[A2k] European Parliament waives the right to be informed

Ante Wessels ante at ffii.org
Fri Dec 6 07:51:17 PST 2013


European Parliament waives the right to be informed
http://acta.ffii.org/?p=1972
with links

December 5, 2013
By Ante

In an interview with Inside U.S. Trade, European Parliament
International Trade committee Chairman Vital Moreira said,
regarding the trade negotiations with the United States (TTIP /
TAFTA), that he is not now pressing the European Commission to
provide parliament members with access to U.S. negotiating
proposals, but that could change if the U.S. authorizes the
commission to share these proposals with member states.

According to the Treaty on the Functioning of the European Union
article 218 (10), the European Parliament shall be immediately
and fully informed at all stages of the procedure. Apparently,
the US demands that the EU violates its founding treaties. And
the commission and parliament gave in. That’s not a good signal,
giving in from the start. What else will we trade away?

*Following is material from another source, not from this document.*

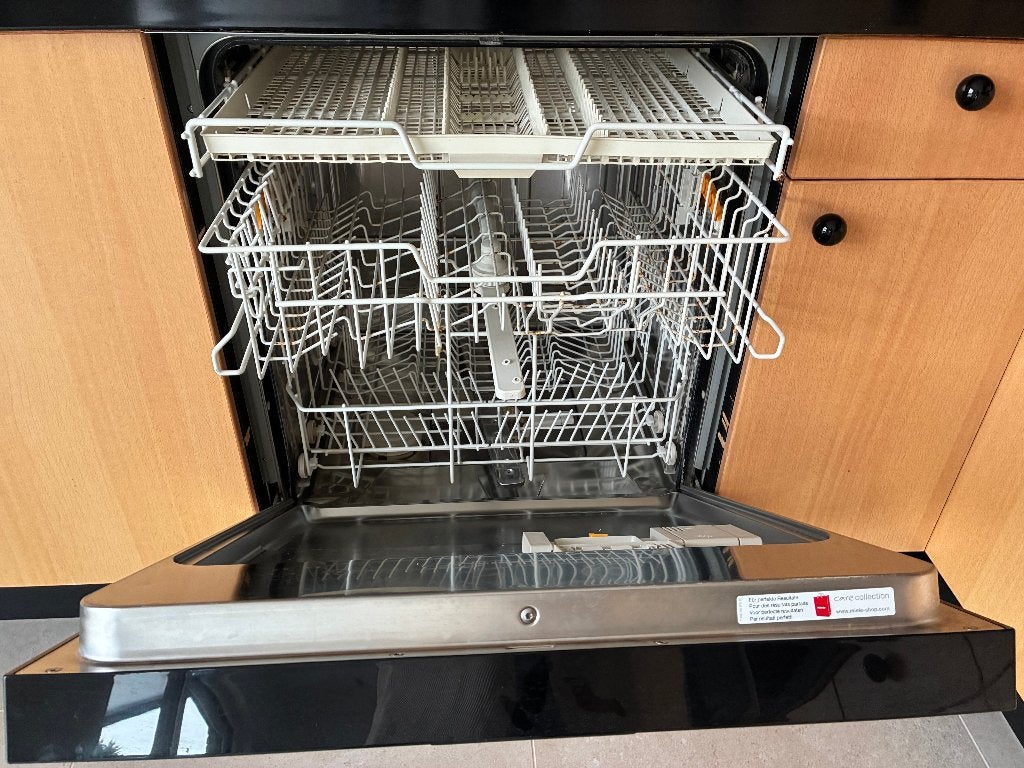 Vaatwas Miele G4410, Ophalen, Gebruikt, Eco programma, 60 cm of meer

The US is in a stronger position, the EU could use public
disclosure to strengthen its negotiation position. There is so
much at stake in these negotiations, details are crucial. It is
irresponsible that the parliament waives its constitutional
rights and gives in to secrecy demands.

In my opinion, the parliament has to correct Mr. Moreira.

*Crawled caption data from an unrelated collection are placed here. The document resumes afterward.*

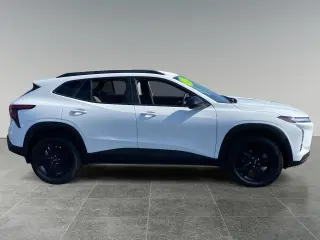 Chevrolet Trax 2025 ACTIV 4dr Crossover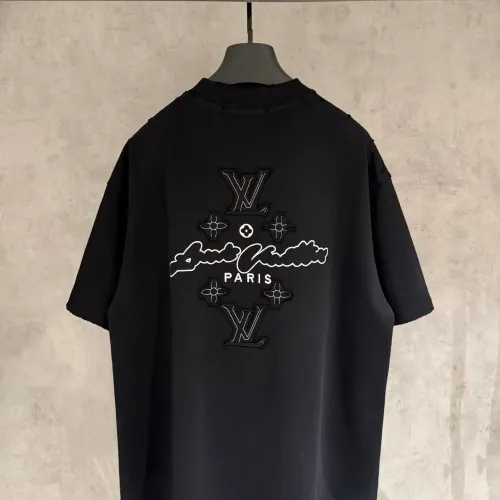 Wholesale Louis Vuitton LV T-Shirts Short Sleeved For Unisex #1424107 $56.00 USD, Wholesale Quality Replica Louis Vuitton LV T-Shirts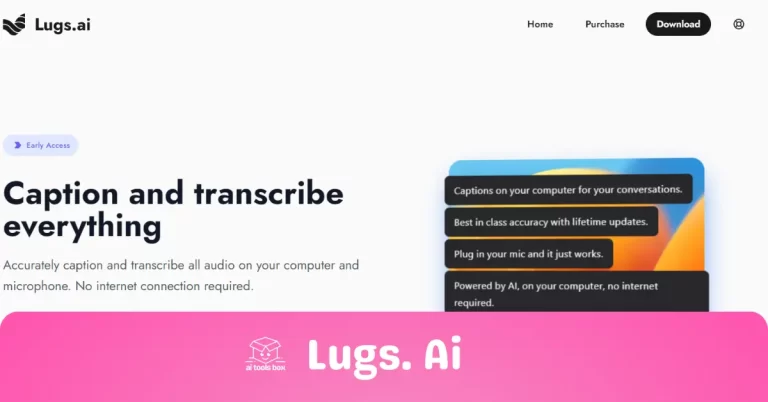 aitoolsbox-Lugs.AI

Mr. Moreira also said the inclusion of investor – state dispute
settlement (ISDS) in the EU-Canada Comprehensive Economic and
Trade Agreement (CETA) sets a precedent in favor of its
inclusion in a TTIP agreement.

"CETA is a precedent in favor of ISDS, and maybe the
conditionalities there, guarantees that surround the adoption of
ISDS in the CETA, could be also imported into TTIP," he said,
according to Inside US Trade.

Really? Mr. Moreira talks as if the controversial ISDS mechanism
in CETA is already accepted and adopted by the EU. The
negotiations are just finished, the text is still secret for
(most) members of parliaments and for the public. The
ratification process still has to start.

See what happens here? Secret negotiations, just some members of
the European Parliament (including Mr. Moreira) had (some)
access. And now it is a done deal, as far as Moreira is
concerned.

This is not parliamentary oversight. The chairman of the trade
committee, the man who has to ascertain openness, citizen
participation and democratic scrutiny, ascertain legitimacy,
quality and balance, ascertain that no tunnel vision harms the
outcome, is fine with secrecy and tries to create faits
accomplis (accomplished, presumably irreversible deeds).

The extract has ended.